The principal weapon among the Tupí was a
bow that, to judge from contemporary woodcuts, was usually some 6½-7 ft (2-2.1
m) long. Jean de Léry (1556) says it was made of red or black wood, André
Thevet (1558) describing these materials respectively as a type of cane that
grew on the coast, and hayri, a black palmwood so heavy that it would
sink 'like iron' in water. The stave was apparently decorated with inlaid
marquetry patterns using coloured wood, and the bowstring was dyed green or
red. 'Their bows are so much longer and stronger than those we have,' wrote de
Léry, 'that one of our men could scarcely draw one, far less shoot it ... They
can draw and shoot them so fast that, with due respect to the good English
bowmen, our savages - holding their supply of arrows in the hand with which
they hold the bow - would have fired off a dozen while [the English] would have
released six'. Hans Staden (1557) and Pero de Magalhães (1576) likewise
reported that 'they shoot very rapidly' and that they were such skilful archers
that 'it is a marvel for one of them to miss his mark no matter how difficult
it may be.' The Potiguara in particular are said to have been such accurate
shots that 'an arrow fired by them never misses'. The arrows themselves were an
ell long (45 ins/1.1 m), made of reed with flights consisting of two long
feathers of 'rose-colour, blue, red, and green, and of such like colours'. They
were tipped with fish or animal teeth, bone, or barbed heads carved from hayri,
or simply had their tips sharpened and fire-hardened. These traditional
arrowheads began to be replaced by nails and other types of iron blade
following the arrival of the French and Portuguese. Thevet reported that their
arrows were 'so strong that they will pierce a good mail corselet', while a
Portuguese eyewitness wrote in 1601 that Tupí arrows could go through 'quilted
breastplates or curates'. Their other main weapon was the tacape, a
flat, paddle-shaped club made of heavy red or black wood, with an oval or
circular head, about an inch thick, with edges described as 'very finely
sharpened'. This could be up to 5-6 ft (1.5-1.8 m) long, and was most often
wielded two-handed. Like the bow, it might have a pattern of coloured wood
inlaid into it, and its handle was often decorated with feathers, particularly
during celebrations.
Traditional Tupí tactics were 'to skirmish
together, more on nights than on days', skirmishes and surprise night-attacks
on enemy settlements being preferred over pitched battles. Attacks on villages
(which were invariably palisaded) were launched at dawn to the sound of gourd
trumpets, fire-arrows being shot into the roofs of the huts and the occupants
killed or captured as they fled. A village expecting such an attack would plant
swathes of wooden spikes beyond the palisade 'to gall and pierce the feet of
their enemies', thereby giving warning of the attack. On those occasions where
a pitched battle occurred they would draw up in a mass phalanx. Jean de Léry
says that as soon as the two sides came within 200-300 yds (180-275 m) they
'greeted one another' with a hail of arrows, Magalhães relating that it was 'a
very strange sight to see two or three thousand naked men on opposing sides
shooting with bows and arrows at one another with loud shouts and cries, all
hopping about with great agility from one spot to another so that the enemy was
unable to take aim or shoot at any definite individual'. Men hit by arrows
simply tore them out and returned to the fray. 'When they were finally in a
melee with their great wooden swords and clubs,' wrote de Léry, 'they charged
one another with mighty two-handed blows', and thereafter it was a fight to the
finish, each warrior fighting for as long as he could move his arms and legs.

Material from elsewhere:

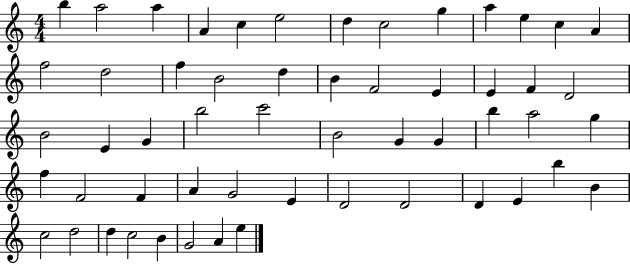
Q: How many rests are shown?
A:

All of those taken alive, men, women, and children, Indians and Europeans
alike, were sacrificially executed and eaten. However, this might not occur for
a considerable time afterwards, some prisoners even having time to marry and
bear children during their captivity.
Regarding the battlefield comportment of
Tupí warriors, Amerigo Vespucci wrote after his voyage of 1501-2 that 'there is
no order or discipline in their fights, except that they follow the counsels of
the old men.' Magalhães likewise noted that they fought in a disorderly fashion
'and often countermand one another's orders to the point of quarrelling,
because they have no captain to restrain them.' Thevet says that the Tupí
greatly feared the noise of firearms, but they seem to have soon become
accustomed to it, the same chronicler recording that a huge Tamoyo chief named
Cunhambebe carried two 'great muskets' into battle against the Temiminó. From a
picture in Thevet's La Cosmographie Universelle (1575), which shows them being
fired from Cunhambebe's shoulders by one of his warriors (Cunhambebe stands
with his back to the enemy for this operation), it is clear that the pieces in
question, said to have been captured from a Portuguese ship, are swivels or
wall-guns, capable of firing bullets which Thevet claims were 'as large as a
tennis ball'.
Like other Brazilian tribes, those Tupí
living on the coast or along the great rivers also made considerable use of
canoes, which are described as being made out of 'the bark of a single tree'.
These could carry up to 20-30 warriors. The Tamoyo were even prepared to engage
the Portuguese - who themselves made considerable use of native canoes - on the
open sea, and were sometimes victorious in such encounters.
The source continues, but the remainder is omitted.